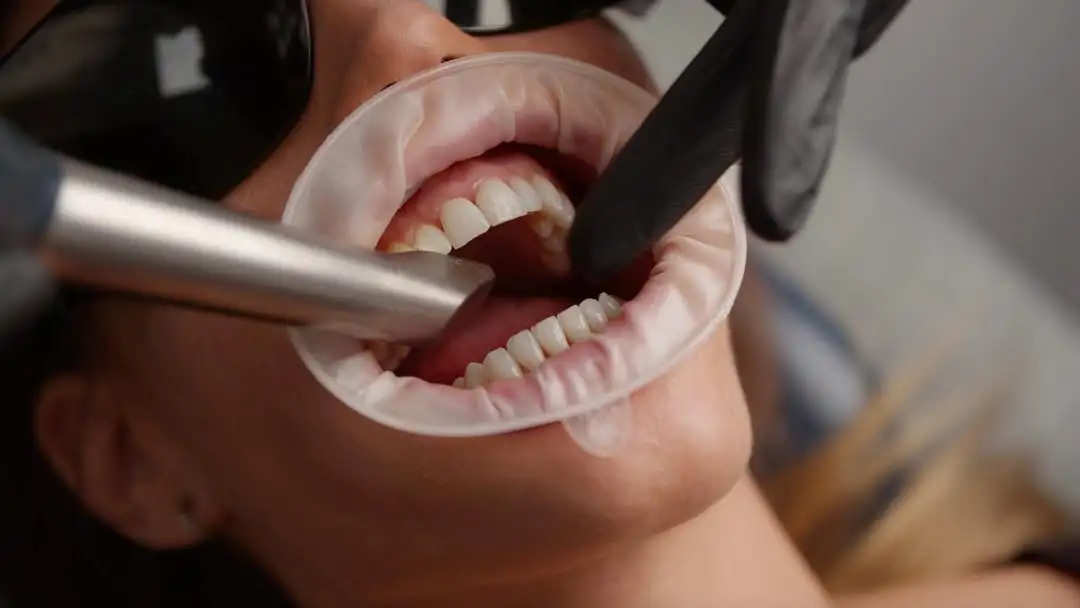 Teeth sculpting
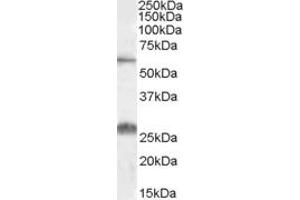 Western Blotting (WB) image for anti-Solute Carrier Family 47, Member 1 (SLC47A1) (AA 528-541) antibody (ABIN490521) (SLC47A1 Antikörper  (AA 528-541))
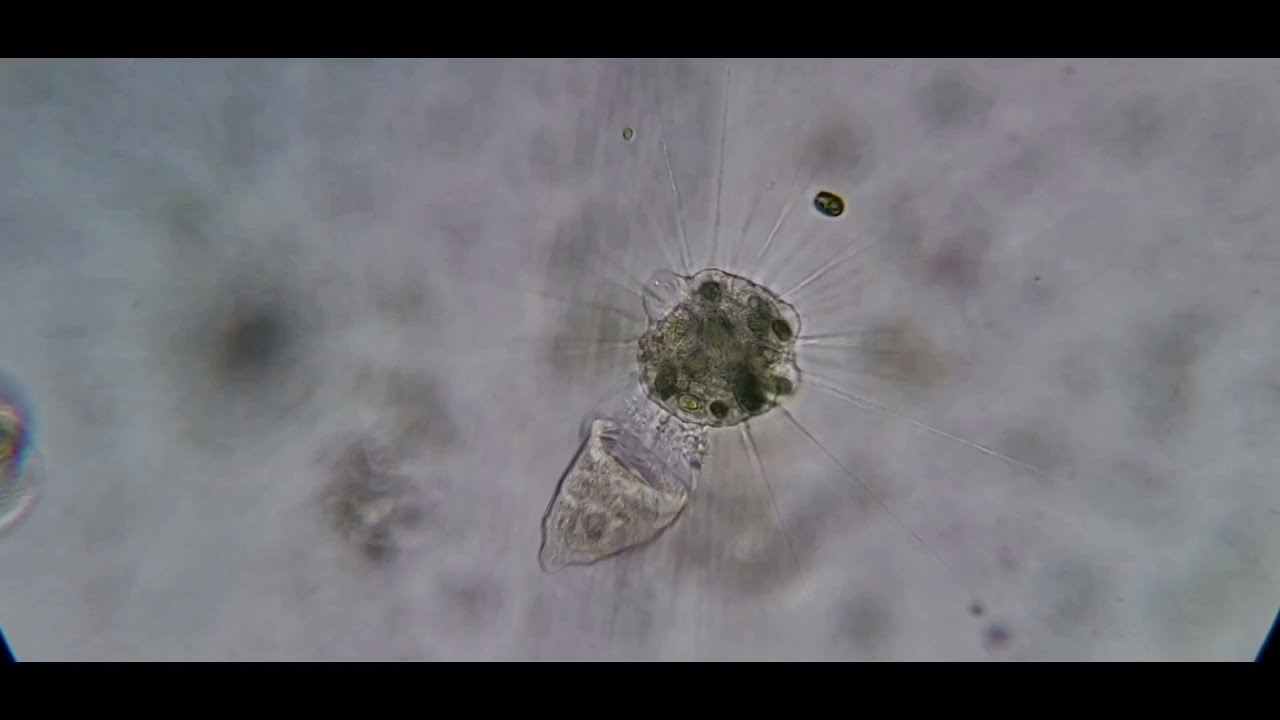 Heliozoa eats vorticella. 400x magnification 8x speed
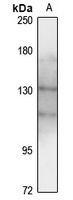 Anti-TYK2 Antibody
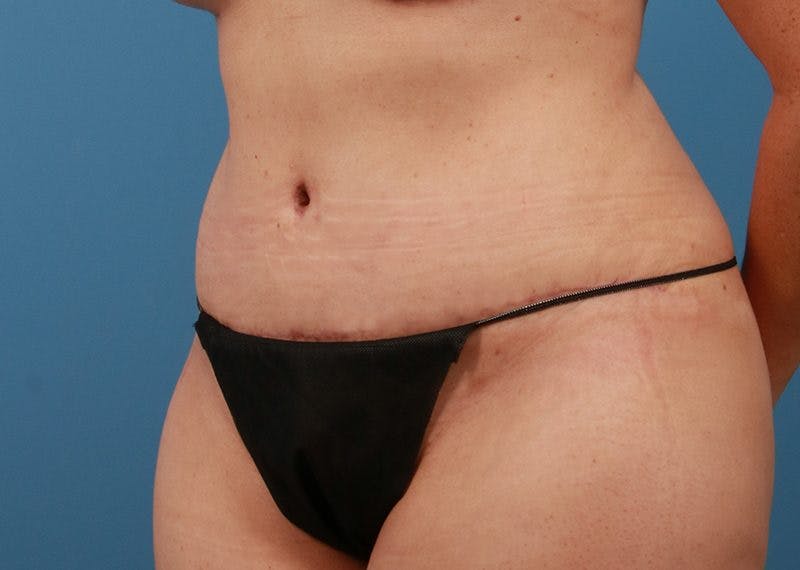 Tummy Tuck Before & After Gallery - Patient 469315 - Image 4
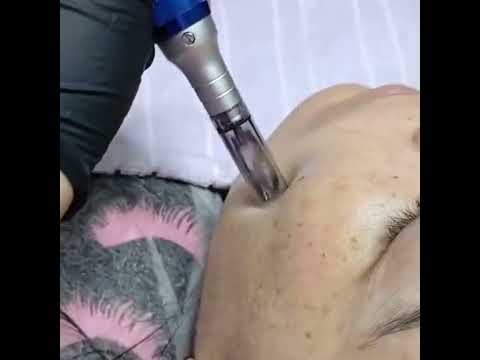 microagulhamento facial em pauliceia são Bernardo do campo são paulo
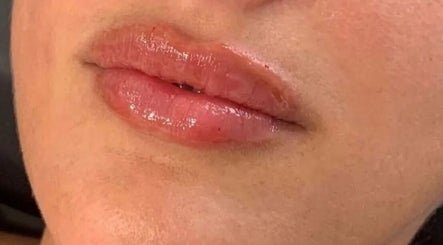Close-up of glossy lips treated at Fillersldn Gravesend, Gravesend, England, GB for a vibrant look.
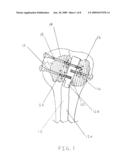 Apparatus and Methods of Repairing Bone Defects diagram and image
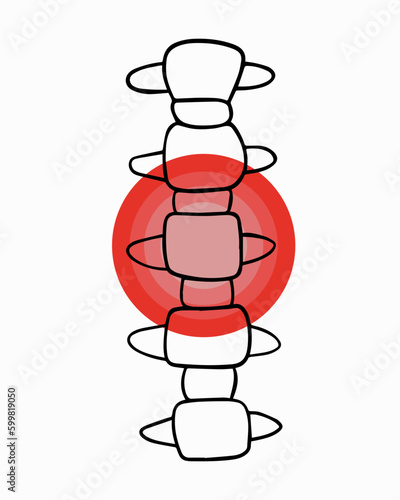 Vector isolated illustration of cervical vertebrae pain. Contour drawing of the cervical region with localization of pain in the vertebrae.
■ ■ ■ ■ ■
| Problem description |
Set the entries down exactly, but not the pictures.

| Written answer |
 Teeth sculpting
 Western Blotting (WB) image for anti-Solute Carrier Family 47, Member 1 (SLC47A1) (AA 528-541) antibody (ABIN490521) (SLC47A1 Antikörper  (AA 528-541))
 Heliozoa eats vorticella. 400x magnification 8x speed
 Anti-TYK2 Antibody
 Tummy Tuck Before & After Gallery - Patient 469315 - Image 4
 microagulhamento facial em pauliceia são Bernardo do campo são paulo
Close-up of glossy lips treated at Fillersldn Gravesend, Gravesend, England, GB for a vibrant look.
 Apparatus and Methods of Repairing Bone Defects diagram and image
 Vector isolated illustration of cervical vertebrae pain. Contour drawing of the cervical region with localization of pain in the vertebrae.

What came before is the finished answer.